Le gouvernement libéral n’en est pas le principal responsable. Les provinces pétrolières ont d’abord été frappées par la chute du prix du baril en 2014. Quand M. Trudeau leur a demandé un petit effort environnemental, elles ont transféré leur colère contre lui. Puis en 2017, il a été crucifié pour avoir répété une évidence scientifique : afin d’éviter une catastrophe, ici comme dans les autres pays, une partie des gisements pétroliers ne pourra pas être exploitée**. Il faudra donc à long terme sortir du pétrole.

Il est vrai que les conservateurs ont tout fait pour saboter le plan libéral, mais ce n’est pas tout. Pour les Albertains, une attaque contre le pétrole est perçue comme une attaque contre leur mode de vie, contre leur identité.

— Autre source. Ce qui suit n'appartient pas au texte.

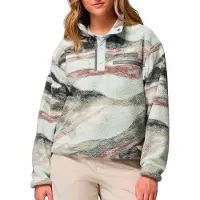 Columbia - Pile stampata con collo alto e mezza chiusura a pressione - Helvetia II Printed Cropped Half Snap Sedona Sage Summits per Donne in Nylon - Taglia S - Beige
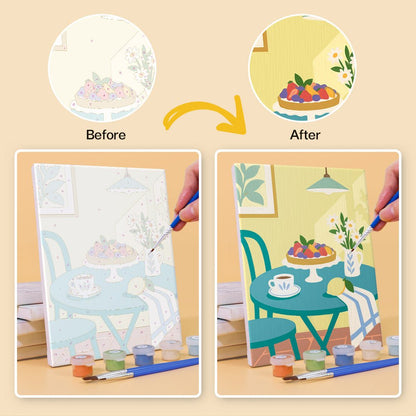 Before and after painting by numbers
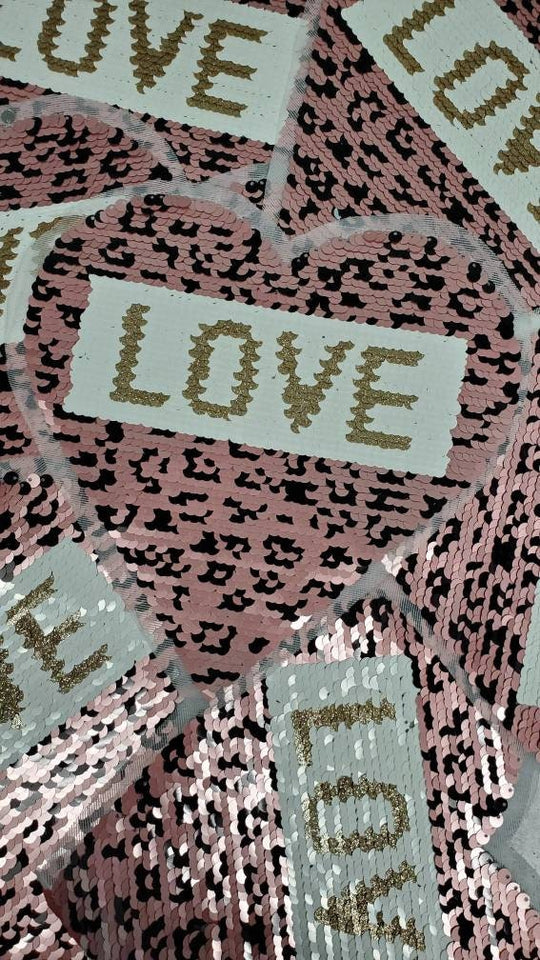 New Arrival, Leopard Print Reversible Sequins "Love" HEART, Embroidered Patch SEW-ON Applique, Size 10"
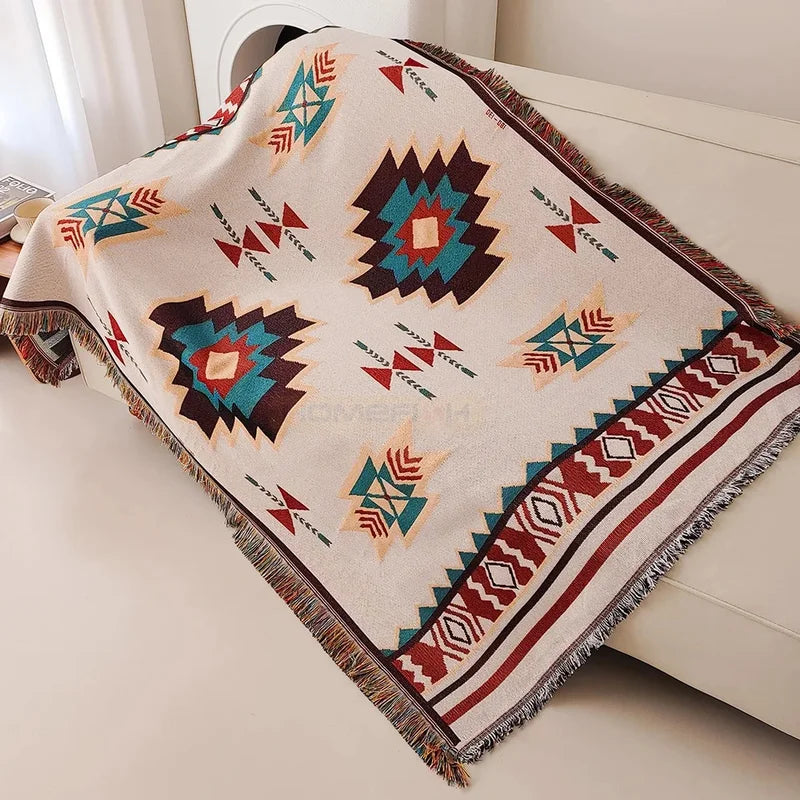 Oversized Boho Throw Blanket with Fringe Southwestern Geometric Design
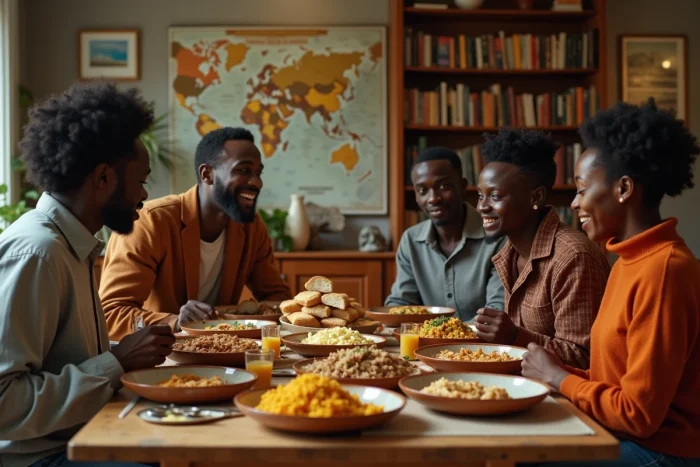Groupe multiculturel partageant un repas de plats du monde entier autour d'une table familiale représentant la diaspora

Le plan de M. Trudeau aurait été plus facile à implanter il y a une décennie. Malheureusement, le gouvernement Harper n’a rien fait. Plus le temps passe, plus le virage à prendre devient brusque, et plus il devient difficile de rallier des provinces aux économies si différentes.

Avec son « corridor énergétique », le chef conservateur Andrew Scheer laisse miroiter une solution canadienne qui réunirait tout le pays. Mais en grattant un peu, on découvre ce que cela signifie : imposer un oléoduc comme Énergie Est aux provinces qui n’en veulent pas et ne rien faire en contrepartie pour l’environnement, à part espérer que la technologie nous sauve. M. Scheer a choisi son camp.

Malgré ses meilleures intentions, M. Trudeau devra lui aussi sortir du centre mou. Mais peu importe de quel côté il ira, il se fera chahuter. Car sa réconciliation énergétique paraît chaque jour de plus en plus impossible.